An Adventure in WANDO land


This Easter my partner Jo and I decided to travel to Camp Wando, an environmental training and protest action camp set up on a farmer’s property mid-way between Boggabri and Narrabri in central western NSW. We were keen to show support to a consortium of local farmers and green groups including Green Peace that were trying to save the Leard State Forrest from destruction by a rapacious mining company called Whitehaven. The company is controlled by ex-politicians and their bankster partners who wish to destroy a rare type of forest to create a massive coal mine that will ruin local farmlands and only add to the world’s global warming problem in an adverse way.

We had intended to arrive at the camp before sundown on the Easter Friday but a massive traffic jam in Sydney caused by tens of thousands of people leaving the city for country destinations meant that the six hour trip actually ended up taking nearly ten hours with over three hours being spent in Sydney traffic. The delay meant that we would be trying to find the camp and set up in the dark. Consequently we decided to stay overnight in a motel at Gunnedah and travel to the camp the next morning.

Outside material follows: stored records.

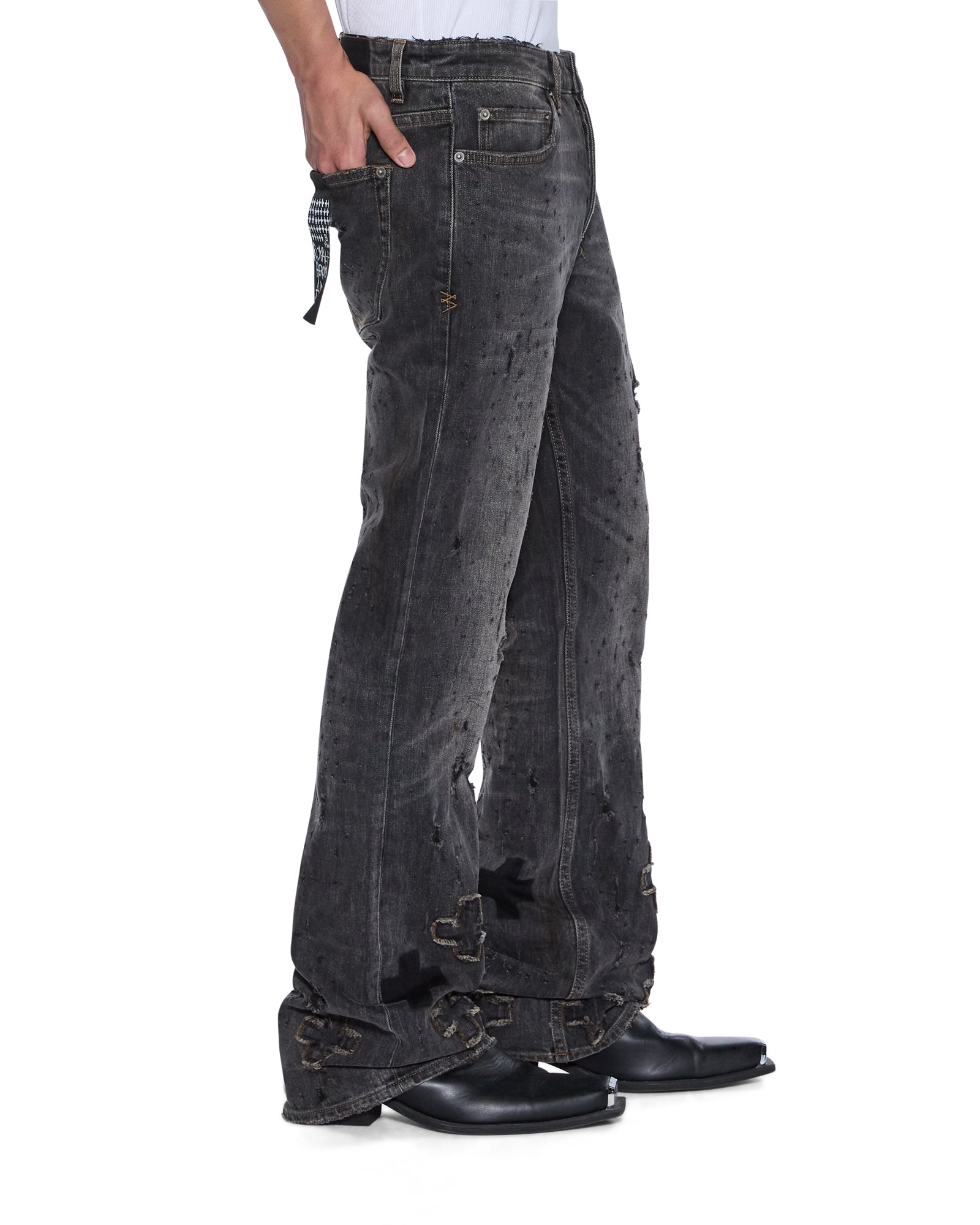 MENS BRONKO ASHER BLACK SHOTGUN BOOTCUT DENIM JEANS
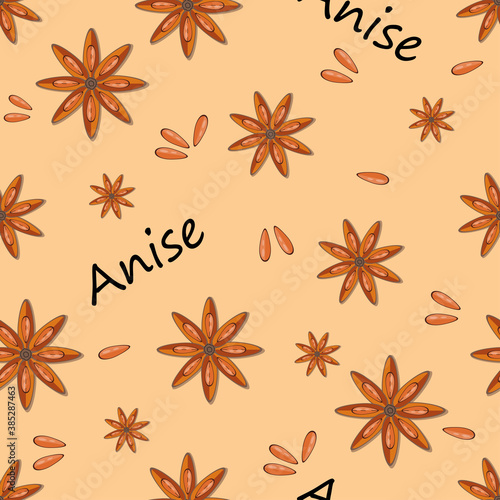 Seamless pattern with star anise. Print indian spice for decoration, design textile, fabric. Vector illustration. © Ann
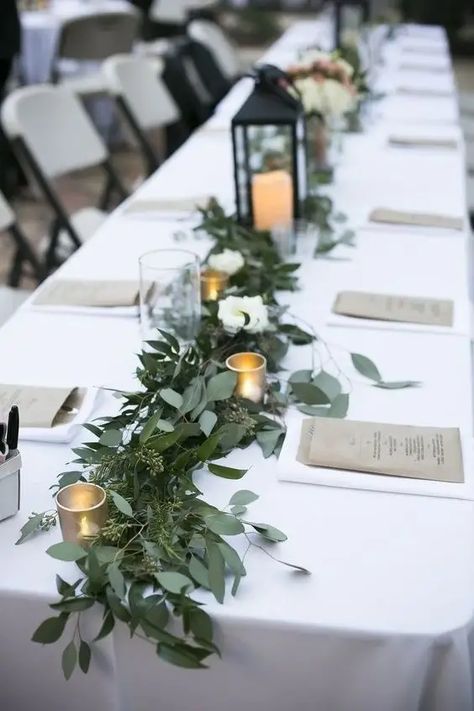 These Are The Hottest Wedding Trends, According To Pinterest Eucalyptus Wedding Decor, Reception Head Table, Fun Wedding Decor, Table Garland, Deco Champetre, Wedding Table Flowers, Decor Flowers, Table Runners Wedding, White Wedding Flowers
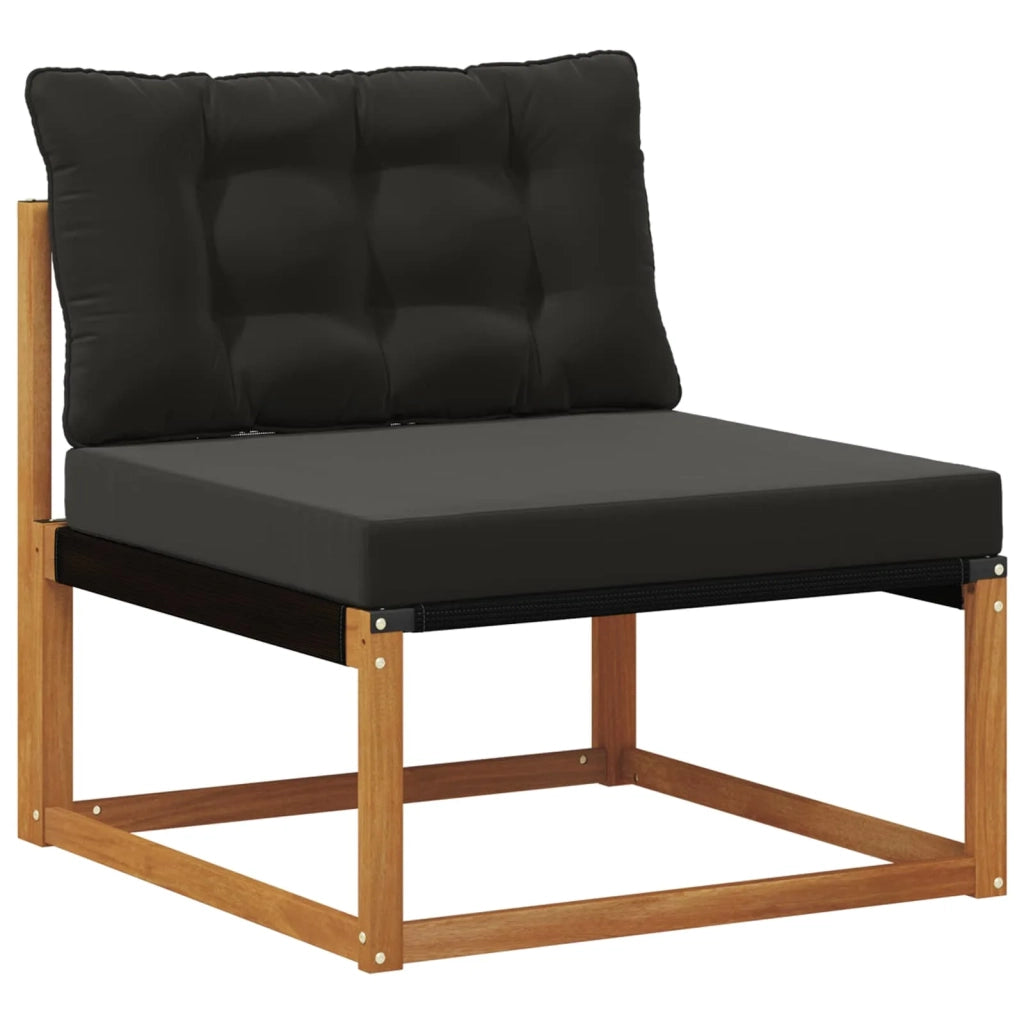 Set di divani da esterno con cuscino 8 pcs Naturale e Nero 3369567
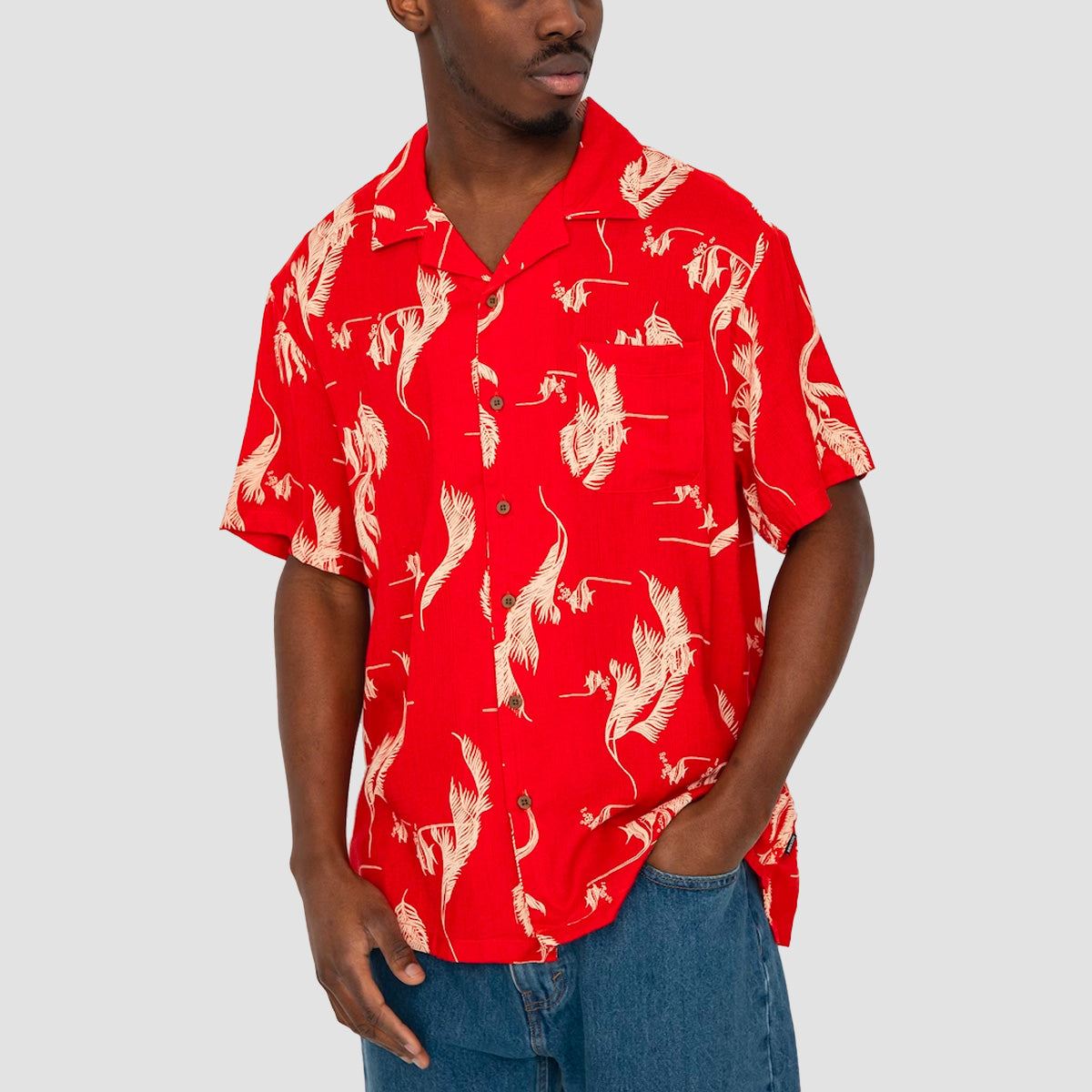 Brixton Bunker Slub Short Sleeve Shirt Aloha Red/White/Coconut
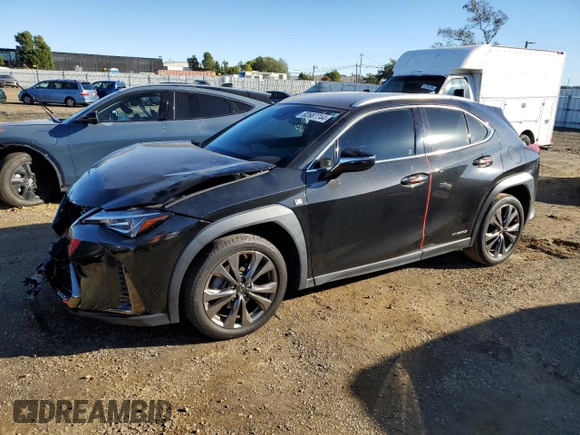 2021 Lexus UX with VIN JTHE9JBH0M2036963, listed as a Copart auction lot 82687744 with 24,857 mi miles and Salvage Title. Bid and sale history available at carsss.com. Image 1.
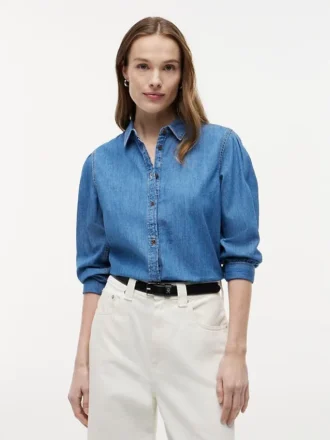 Chemise en chambray à manches bouffantes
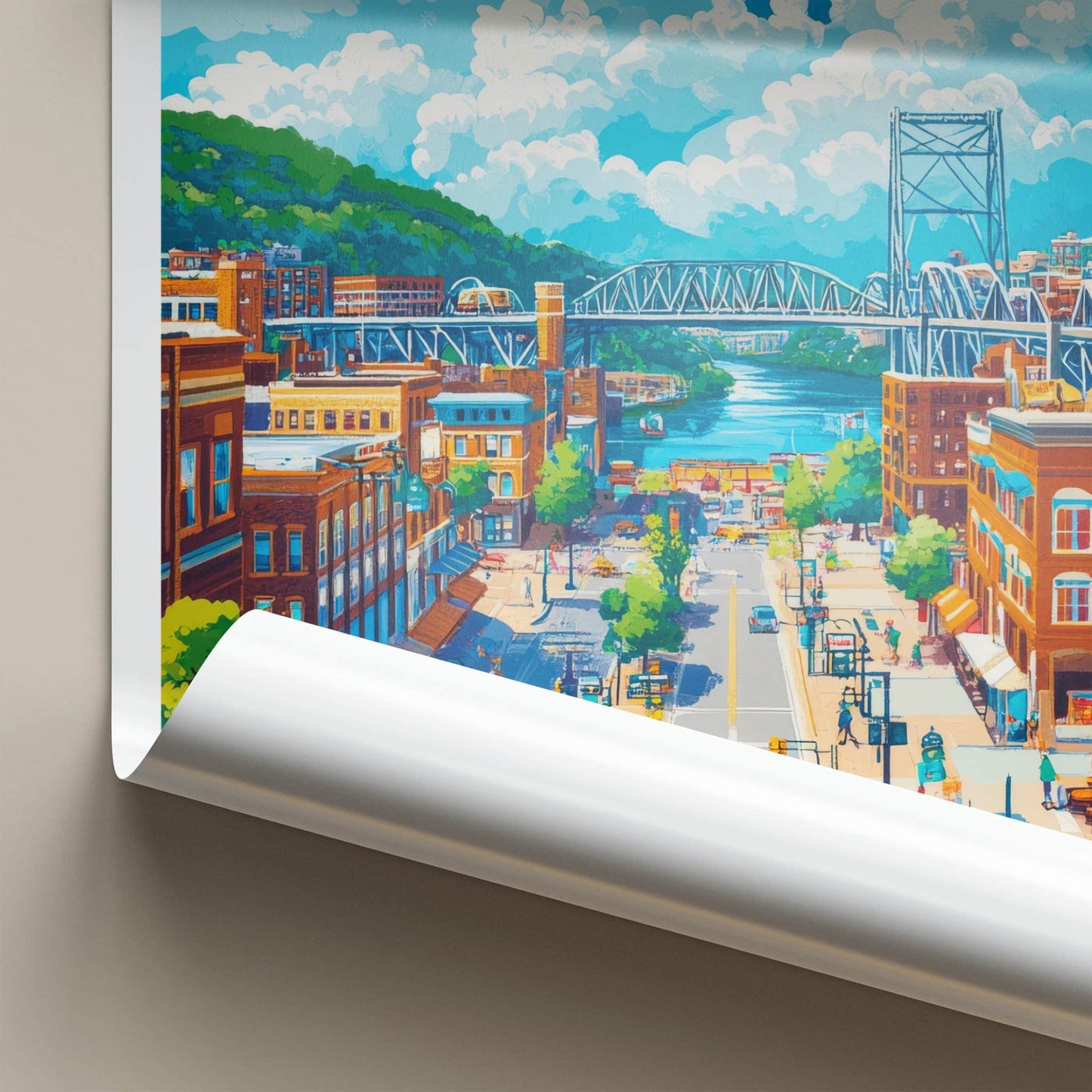Chattanooga Poster - Tennessee Wall Art - Colorful Streetscape River Home Decor
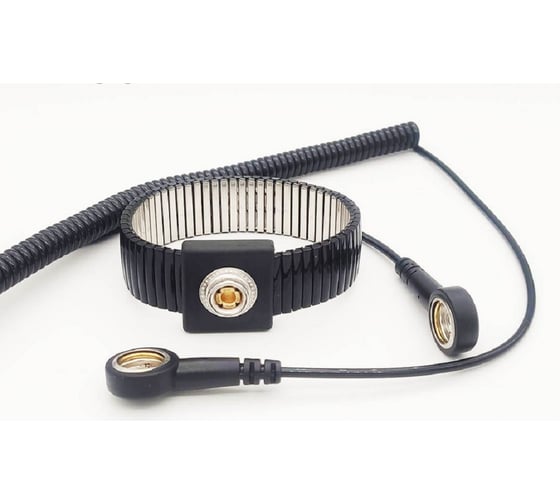 Изображение товара Антистатический браслет НПО ДиОД металлический (кнопка 10мм)с проводом спирал 1,8м (гнездо 10мм/гнездо 10мм) 4610391615736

This turned out to be a wise decision.

The next day, we set off for the camp located about 24 km off the main road between Boggabri and Narrabri on Saturday morning travelling on mainly dirt roads through mixed cattle and cotton country. If you haven’t been there imagine a land scape that is extremely flat and very fertile. From the road you can see farmland stretching off kilometres in all directions with an occasional small hillock to add variety.

The paddocks containing cotton were often kilometres wide and much of the cotton appeared ready for harvesting. There was no army of cotton pickers. It’s all done by a giant harvesting machine that cuts the cotton plants off at their base, somehow separates the cotton balls from the rest of the plant and outputs a giant roll of raw cotton that appeared to be about 3 m tall and 5 metres wide covered in yellow plastic.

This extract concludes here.